* _WHAT TO DO_: All of the entries below are to be retyped exactly.

* _MATERIAL SHOWN_:

====

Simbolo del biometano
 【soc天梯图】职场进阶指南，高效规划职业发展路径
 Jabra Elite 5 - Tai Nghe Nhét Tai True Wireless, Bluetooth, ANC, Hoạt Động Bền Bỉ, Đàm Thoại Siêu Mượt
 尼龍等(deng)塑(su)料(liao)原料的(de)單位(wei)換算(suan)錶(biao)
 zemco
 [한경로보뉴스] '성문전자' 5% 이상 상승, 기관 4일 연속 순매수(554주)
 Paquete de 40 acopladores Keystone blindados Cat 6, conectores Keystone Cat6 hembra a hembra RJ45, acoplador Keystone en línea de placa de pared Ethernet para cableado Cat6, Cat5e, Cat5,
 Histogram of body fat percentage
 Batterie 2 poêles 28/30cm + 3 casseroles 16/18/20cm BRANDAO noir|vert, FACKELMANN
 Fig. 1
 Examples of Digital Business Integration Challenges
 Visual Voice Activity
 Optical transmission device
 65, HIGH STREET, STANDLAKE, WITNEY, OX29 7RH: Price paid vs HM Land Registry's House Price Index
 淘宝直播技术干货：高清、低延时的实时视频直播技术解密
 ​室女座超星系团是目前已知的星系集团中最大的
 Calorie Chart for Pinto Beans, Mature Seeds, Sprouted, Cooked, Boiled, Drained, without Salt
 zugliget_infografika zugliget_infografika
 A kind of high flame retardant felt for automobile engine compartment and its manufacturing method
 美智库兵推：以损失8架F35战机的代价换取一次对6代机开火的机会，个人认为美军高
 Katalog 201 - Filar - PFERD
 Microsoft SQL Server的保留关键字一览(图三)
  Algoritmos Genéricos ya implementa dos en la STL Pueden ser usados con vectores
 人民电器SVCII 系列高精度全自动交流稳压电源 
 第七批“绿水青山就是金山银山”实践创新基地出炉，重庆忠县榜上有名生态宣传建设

====

* _RESULT_:
Simbolo del biometano
 【soc天梯图】职场进阶指南，高效规划职业发展路径
 Jabra Elite 5 - Tai Nghe Nhét Tai True Wireless, Bluetooth, ANC, Hoạt Động Bền Bỉ, Đàm Thoại Siêu Mượt
 尼龍等(deng)塑(su)料(liao)原料的(de)單位(wei)換算(suan)錶(biao)
 zemco
 [한경로보뉴스] '성문전자' 5% 이상 상승, 기관 4일 연속 순매수(554주)
 Paquete de 40 acopladores Keystone blindados Cat 6, conectores Keystone Cat6 hembra a hembra RJ45, acoplador Keystone en línea de placa de pared Ethernet para cableado Cat6, Cat5e, Cat5,
 Histogram of body fat percentage
 Batterie 2 poêles 28/30cm + 3 casseroles 16/18/20cm BRANDAO noir|vert, FACKELMANN
 Fig. 1
 Examples of Digital Business Integration Challenges
 Visual Voice Activity
 Optical transmission device
 65, HIGH STREET, STANDLAKE, WITNEY, OX29 7RH: Price paid vs HM Land Registry's House Price Index
 淘宝直播技术干货：高清、低延时的实时视频直播技术解密
 ​室女座超星系团是目前已知的星系集团中最大的
 Calorie Chart for Pinto Beans, Mature Seeds, Sprouted, Cooked, Boiled, Drained, without Salt
 zugliget_infografika zugliget_infografika
 A kind of high flame retardant felt for automobile engine compartment and its manufacturing method
 美智库兵推：以损失8架F35战机的代价换取一次对6代机开火的机会，个人认为美军高
 Katalog 201 - Filar - PFERD
 Microsoft SQL Server的保留关键字一览(图三)
  Algoritmos Genéricos ya implementa dos en la STL Pueden ser usados con vectores
 人民电器SVCII 系列高精度全自动交流稳压电源 
 第七批“绿水青山就是金山银山”实践创新基地出炉，重庆忠县榜上有名生态宣传建设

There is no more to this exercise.